What needs to be done: Using the entries that follow, give only the number of lines with the word "Photo" in them.

[Short text fragments from websites]

= = = =

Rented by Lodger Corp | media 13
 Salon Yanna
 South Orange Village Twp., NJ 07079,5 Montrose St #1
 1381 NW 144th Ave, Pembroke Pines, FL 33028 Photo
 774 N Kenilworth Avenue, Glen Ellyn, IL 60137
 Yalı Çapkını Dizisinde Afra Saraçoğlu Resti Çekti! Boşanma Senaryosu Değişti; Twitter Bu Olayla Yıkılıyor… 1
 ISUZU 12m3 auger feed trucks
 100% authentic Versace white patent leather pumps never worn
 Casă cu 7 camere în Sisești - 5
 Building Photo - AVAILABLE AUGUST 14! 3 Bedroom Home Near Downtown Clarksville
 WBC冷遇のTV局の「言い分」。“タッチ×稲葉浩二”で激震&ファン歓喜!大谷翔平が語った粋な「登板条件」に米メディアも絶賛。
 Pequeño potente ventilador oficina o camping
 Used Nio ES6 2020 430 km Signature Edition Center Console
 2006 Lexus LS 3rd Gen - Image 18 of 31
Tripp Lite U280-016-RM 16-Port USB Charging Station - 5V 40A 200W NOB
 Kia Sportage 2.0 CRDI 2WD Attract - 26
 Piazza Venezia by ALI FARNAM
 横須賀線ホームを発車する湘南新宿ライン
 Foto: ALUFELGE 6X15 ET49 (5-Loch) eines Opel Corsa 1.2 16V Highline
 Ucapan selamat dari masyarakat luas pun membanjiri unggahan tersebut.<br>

= = = =

Solution for this problem: 2